Longitudinal structural relaxation of glass-forming epoxy oligomer

The glass transition process of a common epoxy oligomer (diglycidyl ether of bisphenol A) has been characterized by Brillouin scattering (GHz range) and ultrasonic pulse spectroscopy (MHz range). As the temperature decreases, longitudinal wave velocity rapidly increased. It showed a large frequency dispersion at temperatures higher than the thermodynamical glass transition temperature (Tg). At Tg, velocity changes showed a clear kink. Wave attenuation also showed a peak of the main (alfa) relaxation at temperatures higher than Tg. The peak temperature shifted to lower temperatures in the MHz range, following the VFT type relaxation behavior, which is very common in the main relaxation. The velocities, however, still showed a clear frequency dispersion at temperatures lower than Tg.

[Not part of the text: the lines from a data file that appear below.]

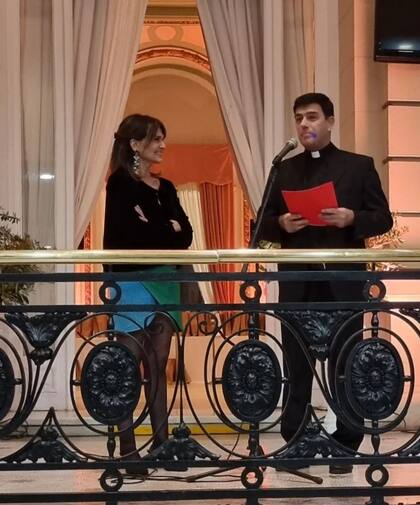 El Padre Valdés en la Tribuna Oficial del Hipódromo de Palermo. “La idea de esta noche es juntarnos a comer algo rico”, señaló el párroco. La comida -con platos de Guillen Catering- es uno de los dos eventos anuales con los que el Hogar Monseñor Albisetti recauda fondos. Son utilizados para ayudar con mantenimiento del lugar y a difundir la obra. "Muchas veces a través de estos encuentros las personas se acercan a ofrecerse como voluntarios o se enteran que necesitamos psicólogos". El segundo evento anual, un torneo de golf, se llevará a cabo en octubre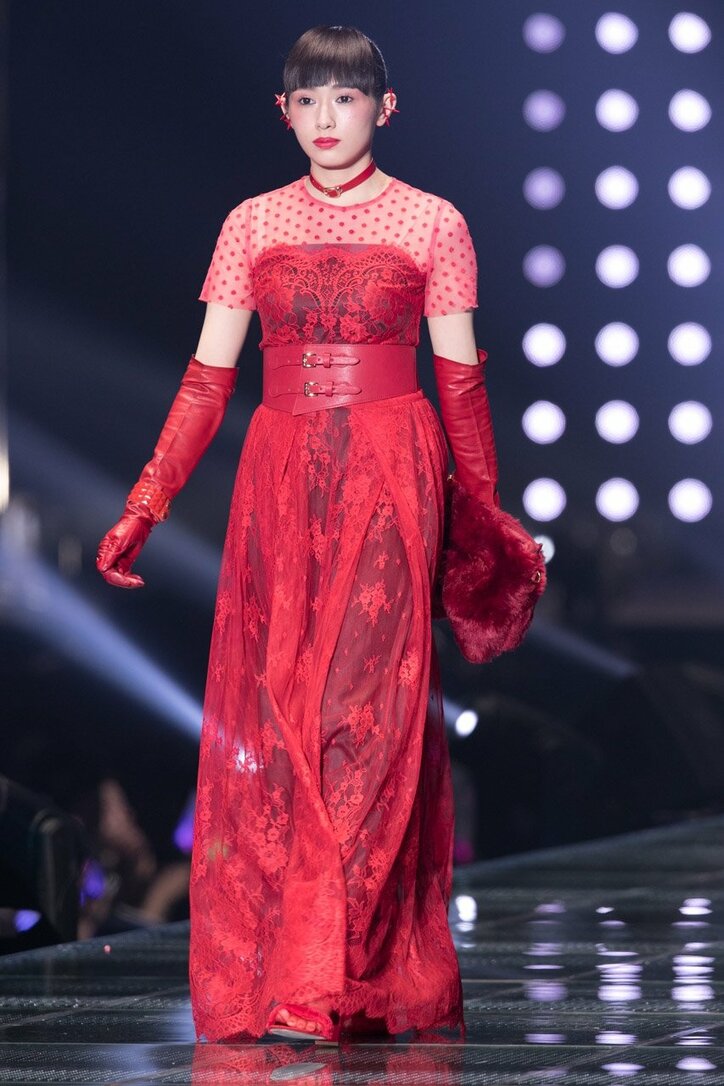 欅坂46が背中ざっくりセクシーに、個性全開アーティスティックに魅せた「TGC」ランウェイ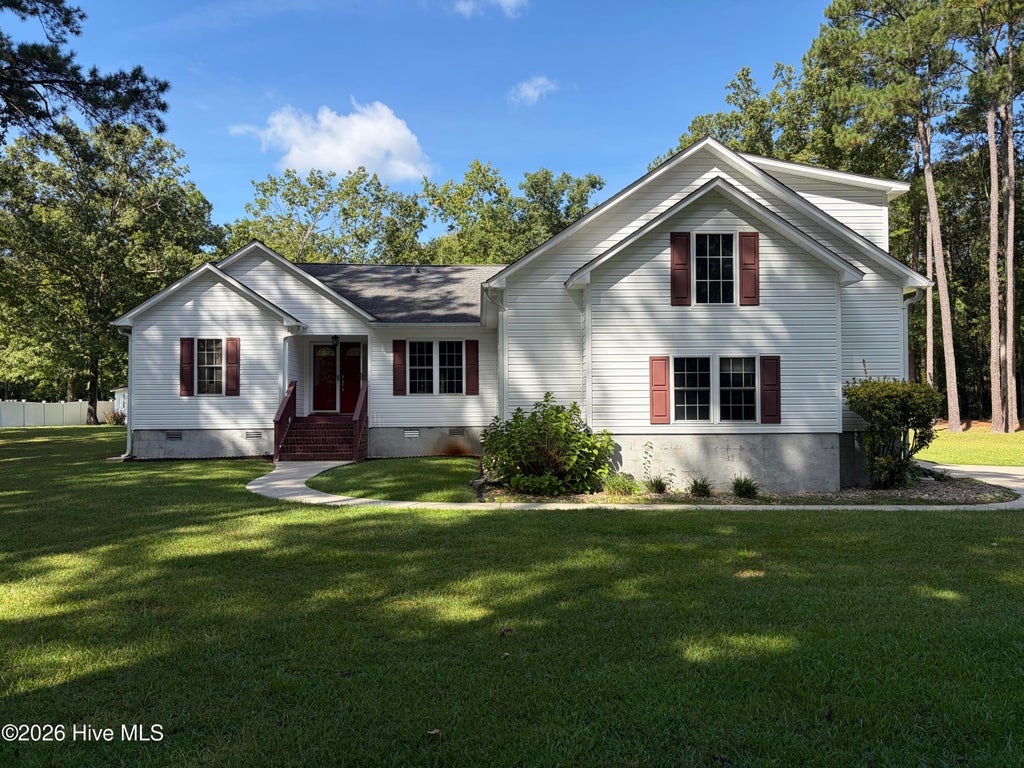 Photo of 900 Perrytown Road, New Bern, NC 28562 (MLS # 100604450)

Because the main relaxation usually results from a large-scale conformational rearrangement of the polymer chain backbone, the effect of this relaxation seems to be neglected at these temperatures. Taking into account the frequency changes of attenuation peak widths, the effect of other subrelaxations at lower temperatures is discussed. These results are not in contradiction with the acoust-optic dispersion measurements of this oligomer [Kruger et al., Phase Transition (to be published)].